Studio album by Futures
- Released: 3 March 2010 (Rock Sound) 19 April 2010 (Re-release)
- Genre: Rock, pop, pop-punk
- Length: 26:27 (Rock Sound) 33:19 (Re-release)
- Label: Self-released
- Producer: Peter Miles

Singles from The Holiday
- "The Boy Who Cried Wolf" Released: 22 February 2010;

= The Holiday (album) =

The Holiday is the debut album from Buckinghamshire-based alternative band Futures, given away free with issue 133 (March 2010) of Rock Sound magazine.

This was the first time Rock Sound had given away a full album for free and led to this issue of the magazine becoming the highest selling in two years.

The album was re-released through the band's website on 19 April 2010, with bonus acoustic tracks.

==Track listing==
All songs written by Futures.

1. "16" – 3:23
2. "Take Me Home" – 3:27
3. "Sal Paradise" – 3:27
4. "The Boy Who Cried Wolf" (featuring Annabel Jones of Lady and the Lost Boys) – 3:28
5. "Holiday" – 3:37
6. "The Summer" – 4:26
7. "Thank You" – 4:40

===Re-release bonus tracks===
1. - "The Boy Who Cried Wolf (Acoustic)" – 3:12
2. - "Holiday (Acoustic)" – 3:40

==Reception==

The Holiday has been very well received, with the majority of reviews being positive. Kerrang! gave a positive review stating that it was "an album of gloriously uplifting tunes" and giving the album a KKKK rating.

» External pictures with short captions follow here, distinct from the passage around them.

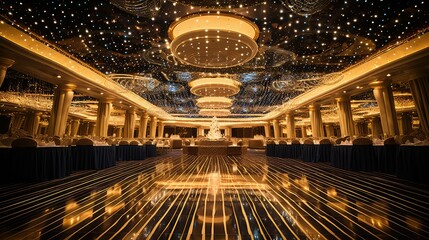 Obraz premium ballroom ship cruise gold glitter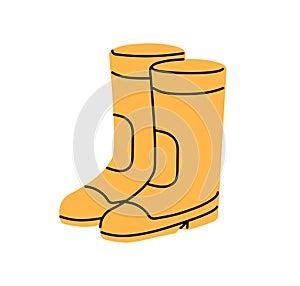 Work rubber gum boots, protective footwear. Protection and safety gumboots, waterproof shoes. Wellingtons, wellies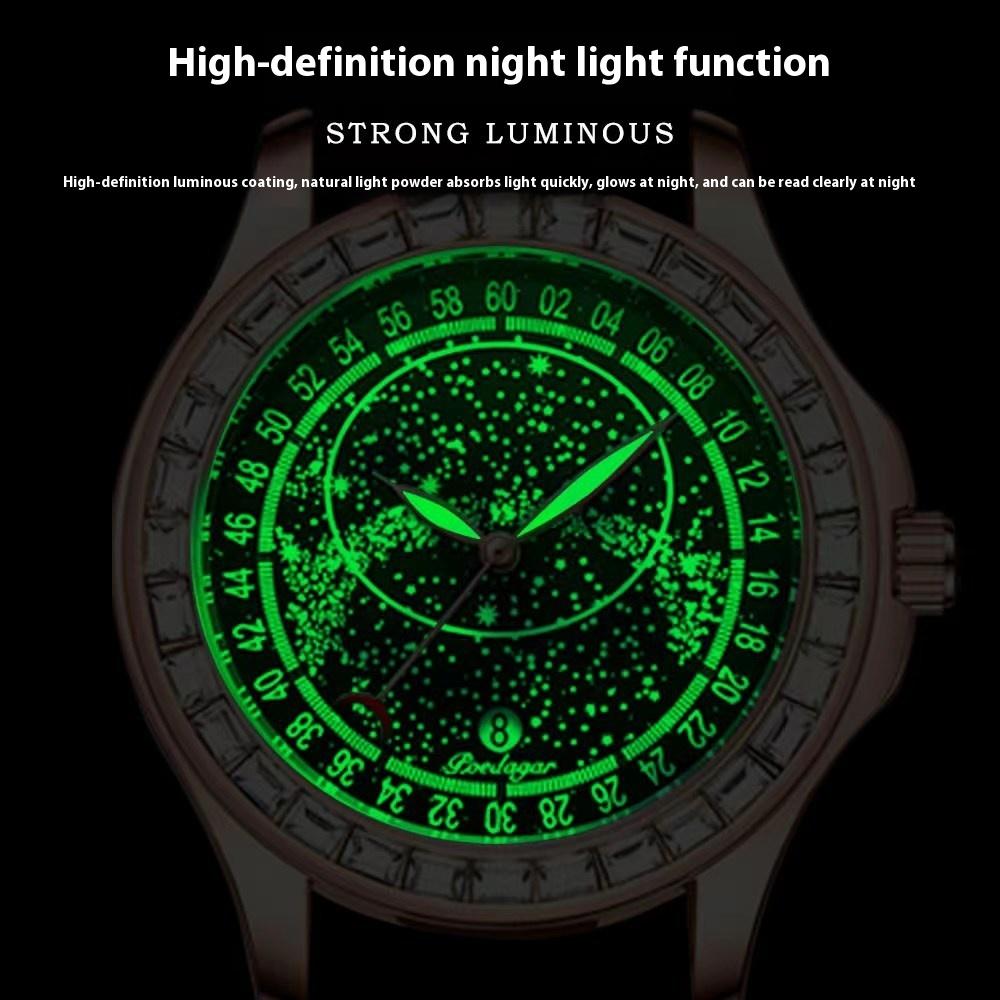 Luksusowy Nowy Zegarek Męski Wodoodporny Luminous Pasek Gwieździste Niebo Tarcza Modny Zegarek Kwarcowy Zegar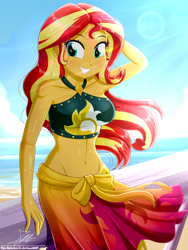 Size: 1430x1900 | Tagged: safe, artist:the-butch-x, sunset shimmer, equestria girls, g4, my little pony equestria girls: better together, adorasexy, arm behind head, beach, beautiful, beautisexy, belly button, bikini, blushing, breasts, busty sunset shimmer, clothes, cloud, crepuscular rays, cute, cutie mark, cutie mark on clothes, exposed belly, female, happy, leaning back, multicolored hair, ocean, outdoors, pier, sand, sarong, sexy, shimmerbetes, shiny skin, sky, smiling, solo, standing, summer, summer sunset, sunlight, swimsuit, teal eyes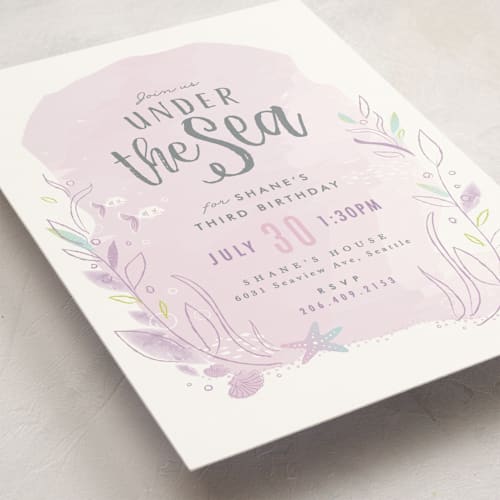 This is a indigo kids birthday invitations with standard by Karidy Walker called under the sea printing on signature in standard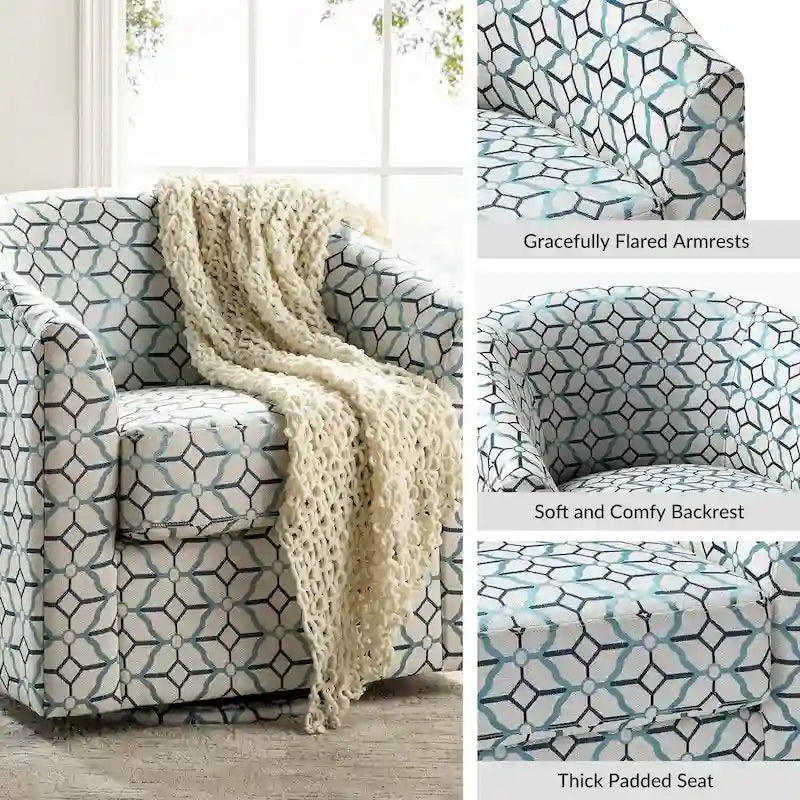 Sillón tapizado moderno Cuenca con base giratoria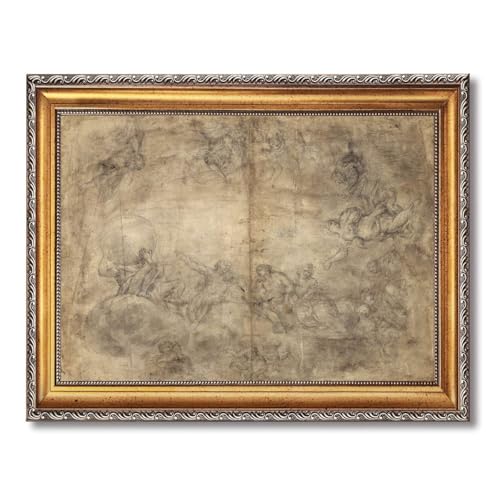 Vintage Framed Mythological Scene Wall Art Canvas Print Oil Paintings Reproduction World Classics Retro Elegant Poster Painting Pictures Wall Decor for Living Room Home Decor Decoration Art Print (24L"x36W",Gold Framed)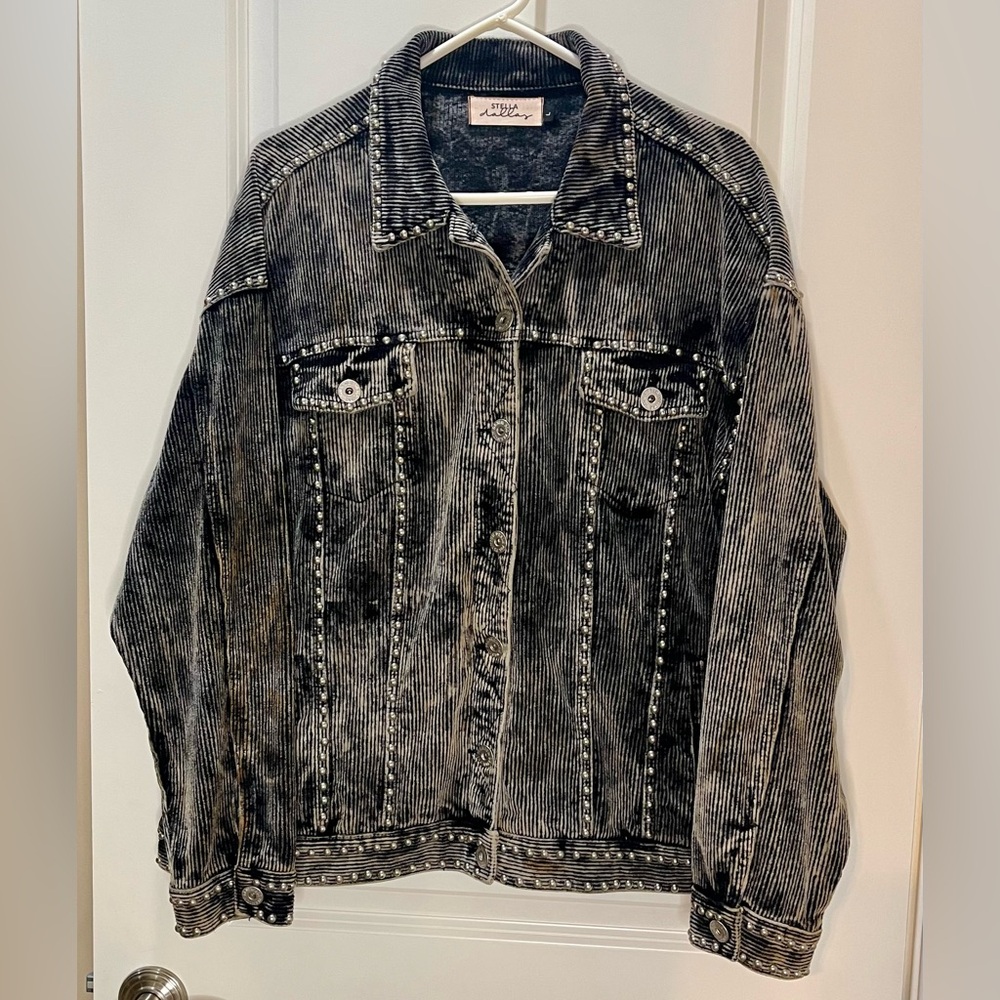 Stella Dallas Oversized Black Corduroy Western Jacket w/ Silver Studs Size L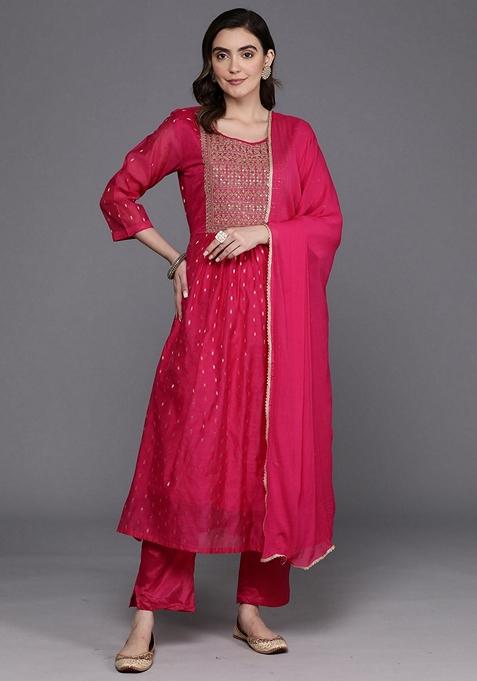 Pink Embroidered Chanderi Salwar Kameez With Dupatta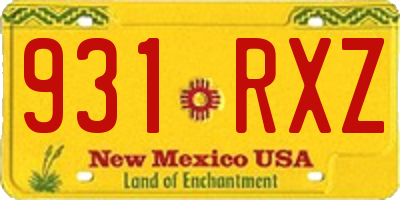 NM license plate 931RXZ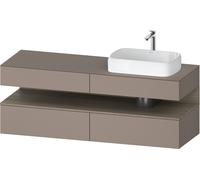 Duravit Qatego Meuble sous-lavabo avec console, 2 tiroirs, 2 tiroirs, découpe à droite, 1600x550x600mm, niche chêne terra, QA4778035430000, Couleur: Basalte mat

Rock Sound's review was also very positive saying about the album, "it's gorgeous, it's rocking and it paints Futures as a very exciting prospect indeed". The album also gained a 9/10 rating.

The review on Punktastic stated that The Holiday "is going to set them apart from all of the more established acts doing this kind of thing. Kids in Glass Houses apart, I doubt there's a band doing this style of music any better" and that saying that "the future is very bright."

Professional ratings
Review scores
| Source | Rating |
| Kerrang! |  |
| Rock Sound |  |
| Punktastic |  |
| Rocklifestyle |  |

==Personnel==
- Ant West – vocals, guitar
- Casey Roarty – guitar
- Christian Ward – bass
- George Lindsay – drums
- Annabel Jones – vocals on "The Boy Who Cried Wolf"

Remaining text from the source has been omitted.